For all the sleek minimalism of the cloud, the truth is it’s anything but light and airy. Every “AI-powered” email, every cat video, every model training run lives somewhere — and that somewhere is a data centre, roaring 24/7 with air conditioning, fans, and endless racks of servers devouring electricity like it’s an all-you-can-eat buffet.
Globally, data centres already account for around 2–3% of total energy consumption — roughly the same as the entire aviation industry — and that number is rising fast. The explosion of AI has super-charged the problem. Training a single large language model can emit as much carbon as five cars over their entire lifetimes. Add to that the water needed to cool servers (hundreds of thousands of litres per day in some hyperscale facilities), and you begin to see the darker side of our digital convenience.
The issue isn’t just power; it’s concentration. Centralised data centres cluster in regions where energy is cheap and regulations are lenient. That often means fossil-fuel-heavy grids or delicate ecosystems suddenly saddled with industrial-scale cooling systems. It’s the equivalent of paving paradise to host your Slack backups.
So, what’s the alternative?
The Case for Decentralisation
Imagine if, instead of mega-centres in a handful of locations, we distributed computing power across a network of smaller, localised nodes — each optimised for renewable energy, regional cooling, and load balancing.

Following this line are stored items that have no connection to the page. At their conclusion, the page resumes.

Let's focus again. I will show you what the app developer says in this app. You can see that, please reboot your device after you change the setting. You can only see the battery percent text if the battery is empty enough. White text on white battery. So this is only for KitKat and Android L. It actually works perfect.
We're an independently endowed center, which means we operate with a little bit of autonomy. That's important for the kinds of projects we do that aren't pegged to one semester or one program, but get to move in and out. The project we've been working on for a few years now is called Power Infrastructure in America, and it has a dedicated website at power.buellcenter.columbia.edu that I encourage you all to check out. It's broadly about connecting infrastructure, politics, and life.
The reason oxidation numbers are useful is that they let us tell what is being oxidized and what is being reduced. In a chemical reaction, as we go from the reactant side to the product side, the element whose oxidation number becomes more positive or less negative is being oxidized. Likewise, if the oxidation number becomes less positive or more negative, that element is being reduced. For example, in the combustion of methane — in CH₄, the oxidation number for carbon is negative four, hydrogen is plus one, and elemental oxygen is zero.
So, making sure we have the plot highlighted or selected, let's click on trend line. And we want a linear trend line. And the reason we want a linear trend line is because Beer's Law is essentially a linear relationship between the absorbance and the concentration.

This isn’t sci-fi. Edge computing and decentralised architectures already exist; we just haven’t scaled them for sustainability. By processing data closer to where it’s generated — say, a wind farm, a solar-powered office park, or a local telecom exchange — we can reduce both latency and long-distance energy waste. It’s like moving from industrial-era power plants to rooftop solar panels: smaller, smarter, and more resilient.

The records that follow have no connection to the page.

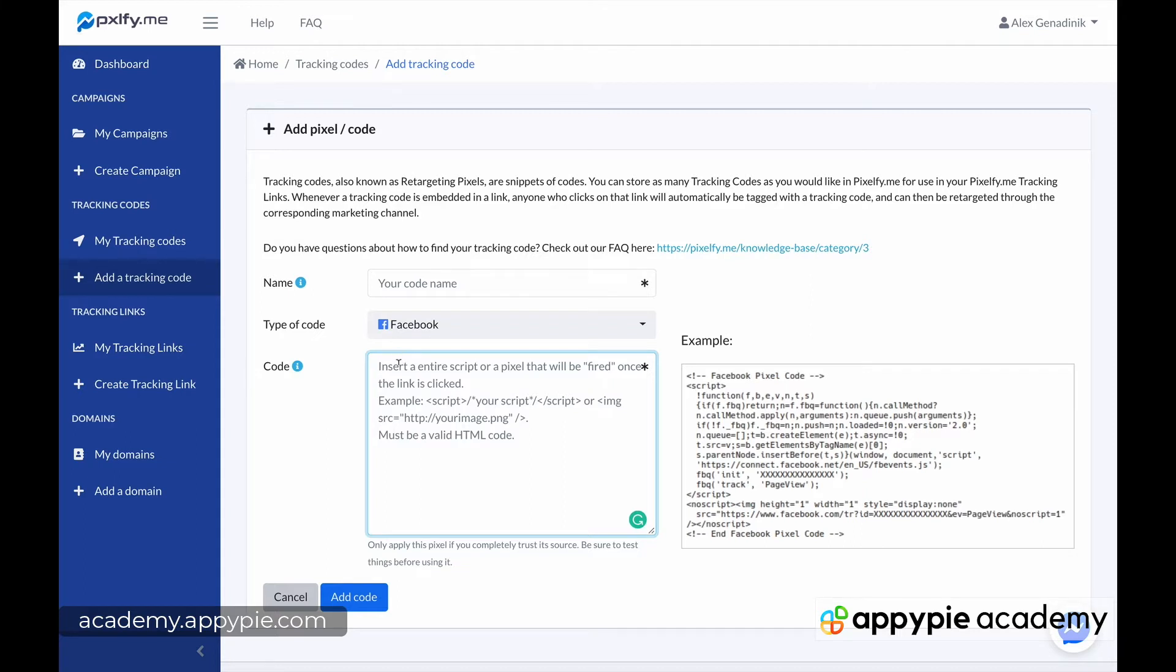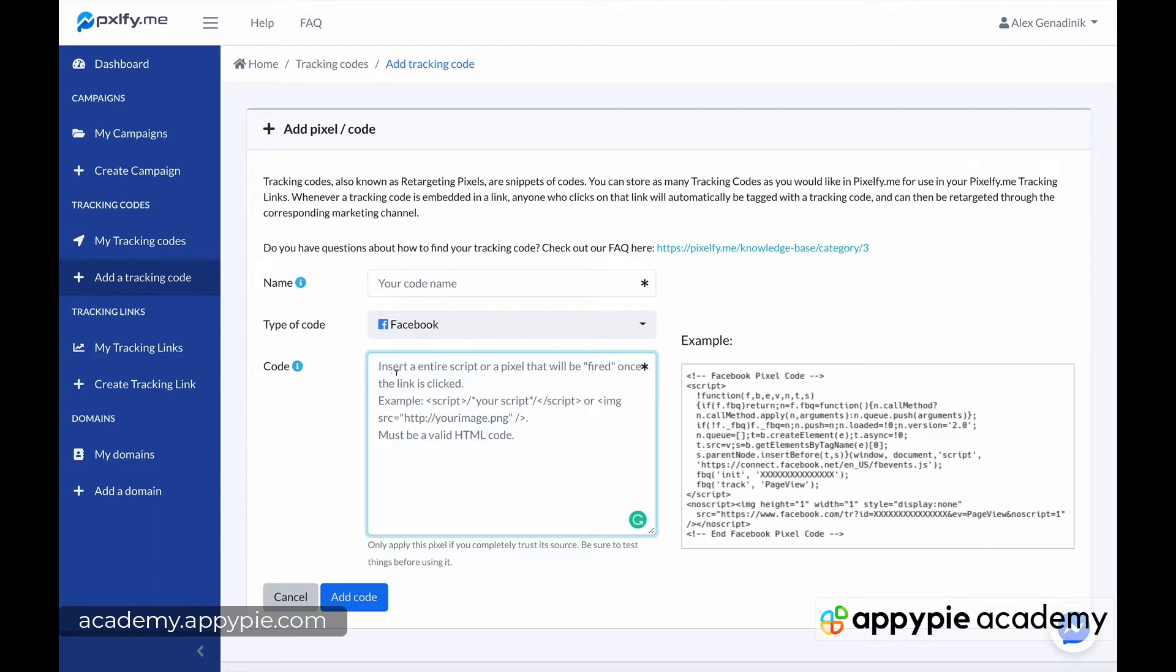These are ads that follow people around across the web. So next time they go to Facebook, if you have a Facebook pixel or if you have a pixel in any other advertising network, this is just basically a code that they give you when you set up your account in their advertising network.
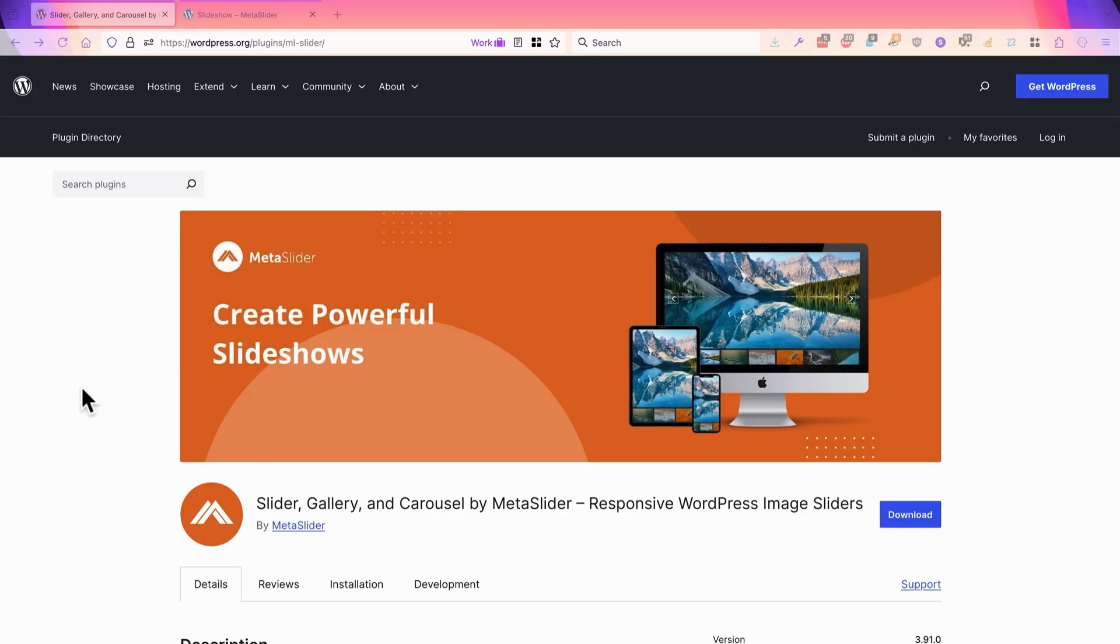Hey everyone, this is Steve from MetaSlider and in this video I'm going to talk about how to build an accessible slideshow for your WordPress site. Making an accessible website basically means making your website viewable and understandable by as many people as possible.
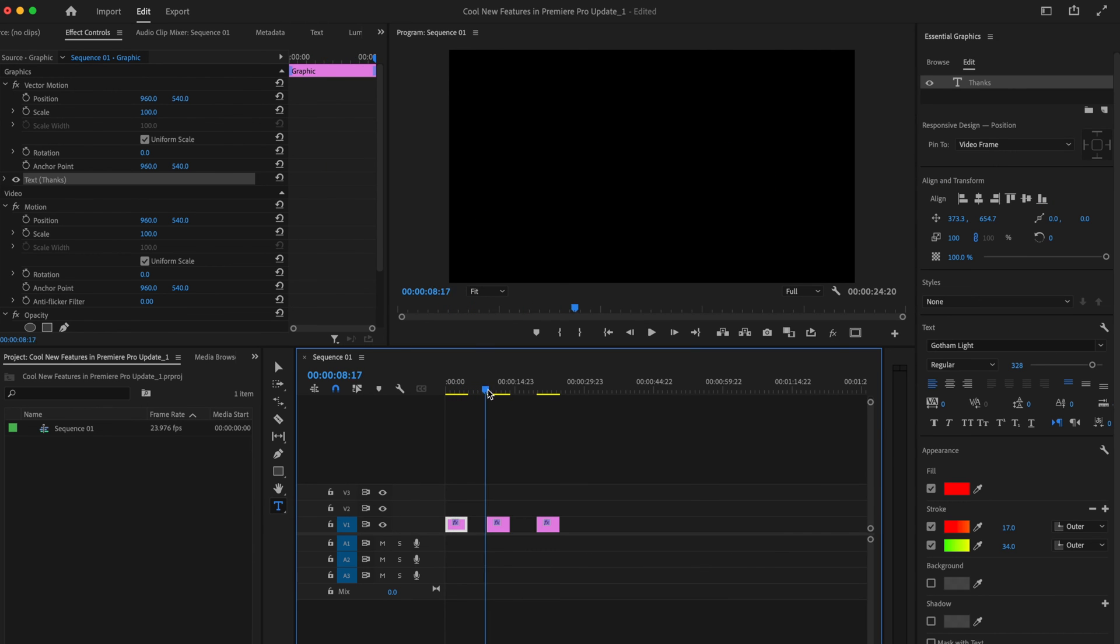This saves so much time because you don't have to go through the trouble of duplicating one specific piece of text and then changing every single word throughout your entire timeline. You can change everything in an instant with this new bulk edit feature.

There’s also a resilience argument. A decentralised web of data nodes would be less vulnerable to outages, cyber-attacks, and geopolitical risk. Plus, it lets us match local compute demand with local renewable supply. Picture a network that automatically shifts heavy AI training loads to regions enjoying peak solar or hydro generation. Clean energy meets clean data.
A Planet-First Data Future
None of this will happen by accident. It requires rethinking how cloud providers, governments, and enterprises design their digital infrastructure. We’ll need transparent carbon reporting, incentives for distributed compute, and serious investment in edge hardware that’s both secure and efficient.
But the opportunity is huge. The same technologies that made the cloud possible — containerisation, orchestration, and agentic automation — could now make it sustainable. The next frontier isn’t just faster models or bigger GPUs; it’s a planet-aware AI ecosystem that learns to use energy intelligently, not indiscriminately.
The future of computing doesn’t have to be a climate casualty. It could be the world’s smartest clean-energy grid — if we decentralise, localise, and design it that way.